Iranian dissidents, U.S. lawmakers, and analysts have all in recent days criticized what Roya Boroumand – executive director of the Abdorrahman Boroumand Foundation, a human rights group that monitors abuses in Iran – described to the Daily Beast as “the fact that human rights and democracy have not been the subject of any of” negotiations between Iran and the international community.
“The fact that human rights and democracy have not been the subject of any of these negotiations is not cause for celebration,” said Roya Boroumand, executive director of the Abdorrahman Boroumand Foundation, which monitors and tracks human rights in Iran. Since the election of Rouhani, who has been praised by anti-sanctions activists as a reformer, “the minimum has been done,” she said. The number of executions has increased, and few political prisoners have been released, she noted. “We cannot count on this government. We need international pressure for an opening.”
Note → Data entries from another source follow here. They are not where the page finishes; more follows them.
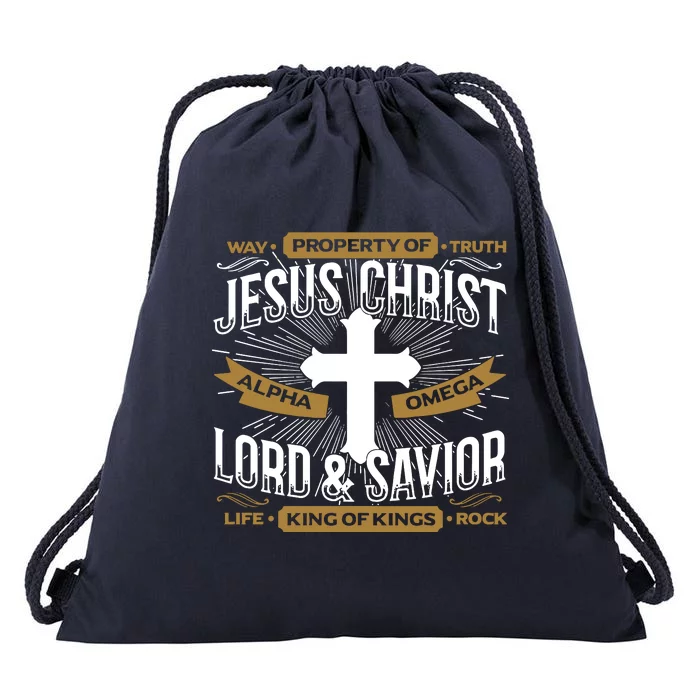 Way Property Of Truth Jesus Christ Alpha Omega Lord And Savior Life King Of King Drawstring Bag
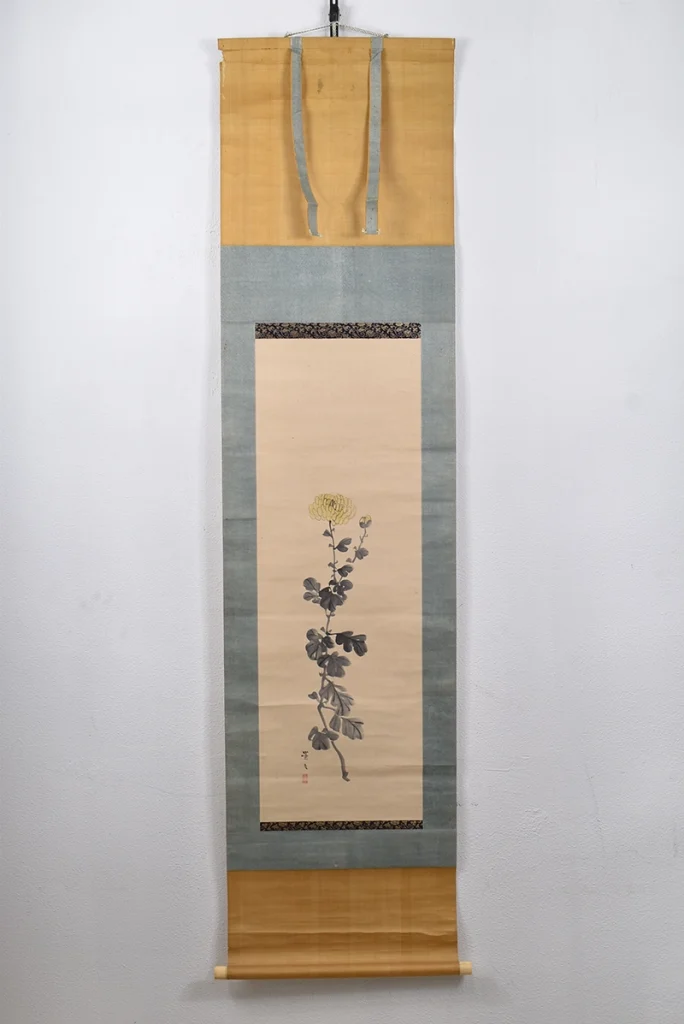 松村景文作「菊花之図」掛け軸の全体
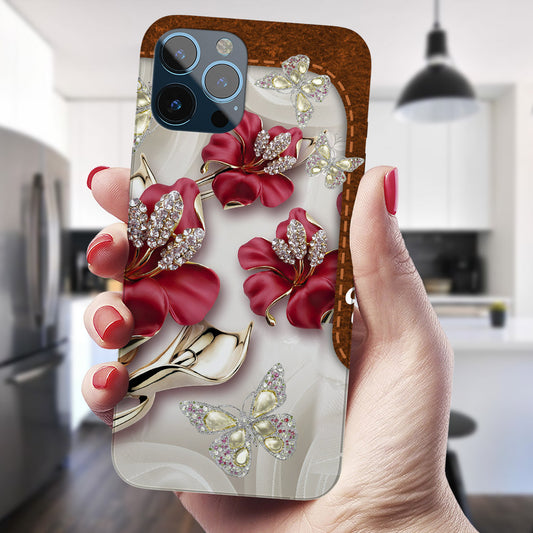 Flower And Butterfly - Christian Phone Case - Religious Phone Case - Faith Phone Case - Ciaocustom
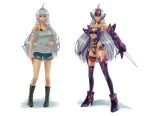  1girl armor bare_legs bare_shoulders blue_eyes breasts casual cleavage dark_skin female full_body long_hair looking_at_viewer short_shorts shorts smile solo standing t-elos under_boob weapon white_hair xeno_(series) xenosaga 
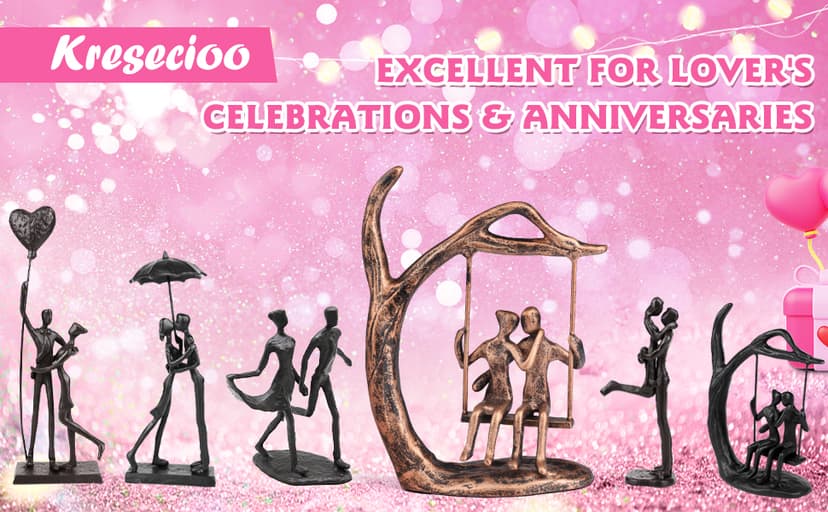 Anniversary Wedding Gifts for Couple/Her - Romantic Couple Statue in Love, Antique Bronze Metal Figurine Sweet Loving Together Iron Sculpture Decor, Gifts for Wife Husband Christmas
Iranian officials have since the election of Iranian President Hassan Rouhani conducted a wave of executions, and the United Nation’s special rapporteur on human rights in Iran recently told the U.N. General Assembly that there has been no improvement in human rights under Rouhani. Senator Mark Kirk (R-IL) tweeted on Sunday that the Iran deal includes $400 million tuition assistance for Iranian students, and called on President Barack Obama to make that assistance “contingent on Baha’is being allowed to attend universities.” The Baha’i faith is not recognized as a religion by the Islamic republic, and persecution of the community has generated human rights pressure from U.S. and Canadian politicians. Iran has sought to exclude Baha’i students from upper education and has according to Baha’i groups also “sought to close down Baha’i efforts to establish their own educational initiatives, including the Baha’i Institute for Higher Education.”